Supplied information —

--

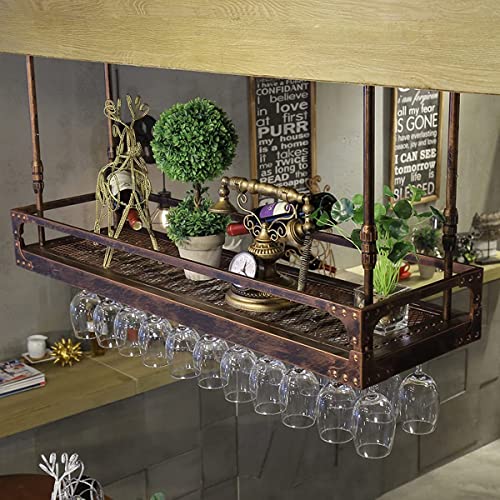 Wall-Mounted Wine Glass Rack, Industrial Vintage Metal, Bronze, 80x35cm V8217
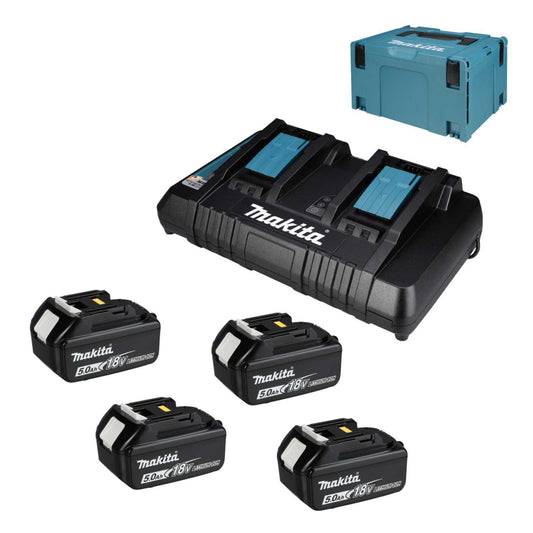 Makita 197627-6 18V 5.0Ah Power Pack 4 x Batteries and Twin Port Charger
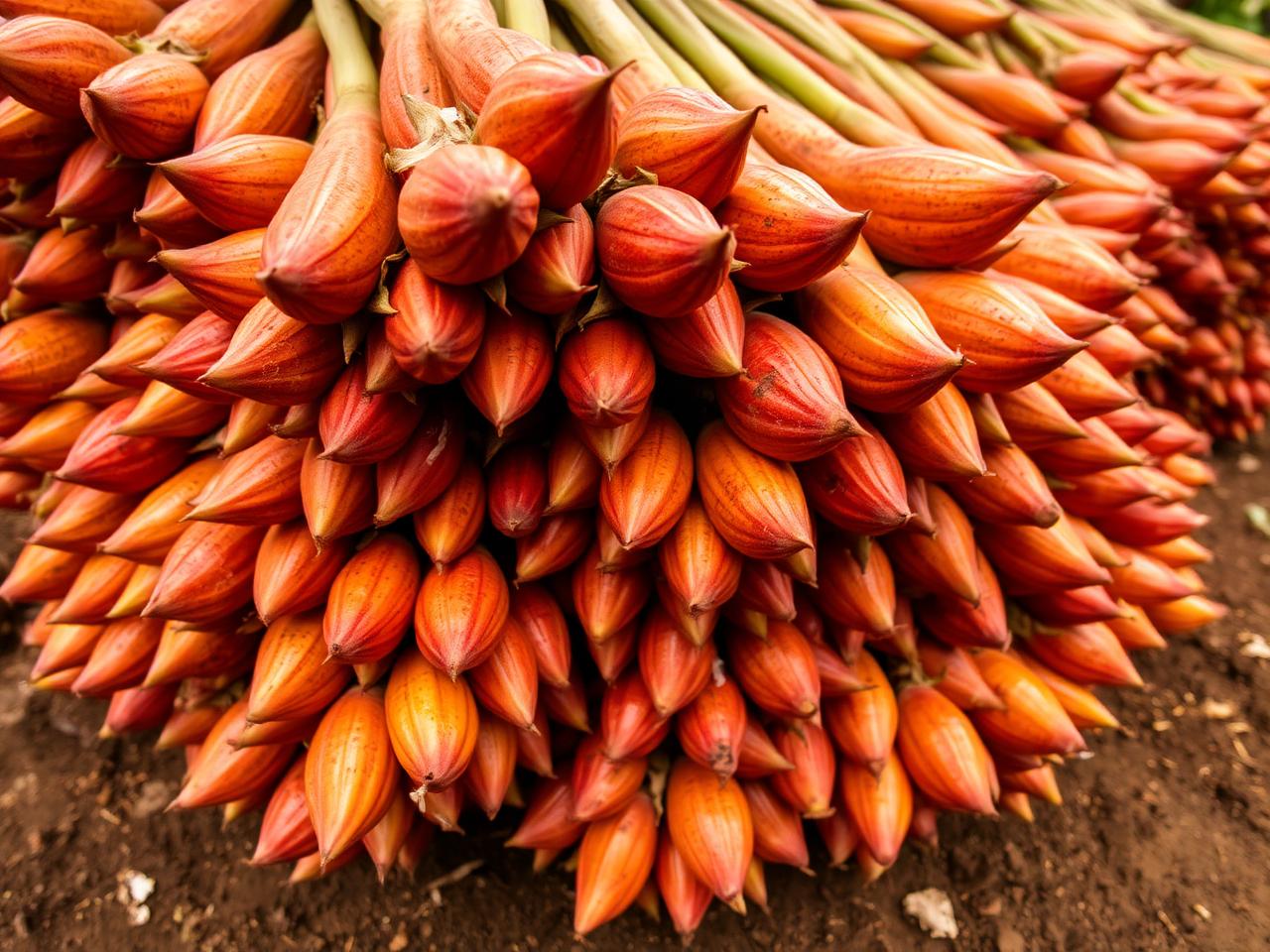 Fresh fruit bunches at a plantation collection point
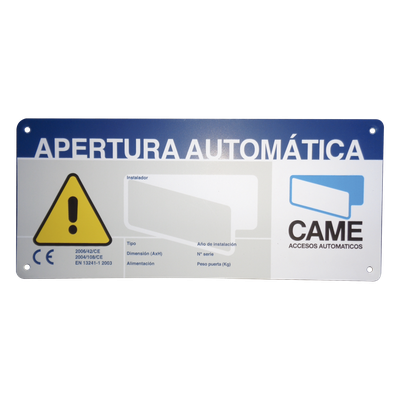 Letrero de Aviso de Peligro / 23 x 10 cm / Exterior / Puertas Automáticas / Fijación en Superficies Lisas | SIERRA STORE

--

Task to complete —
Transcribe the listing in full. Leave the pictures out.

Solution to this problem —
 Wall-Mounted Wine Glass Rack, Industrial Vintage Metal, Bronze, 80x35cm V8217
 Makita 197627-6 18V 5.0Ah Power Pack 4 x Batteries and Twin Port Charger
 Fresh fruit bunches at a plantation collection point
 Letrero de Aviso de Peligro / 23 x 10 cm / Exterior / Puertas Automáticas / Fijación en Superficies Lisas | SIERRA STORE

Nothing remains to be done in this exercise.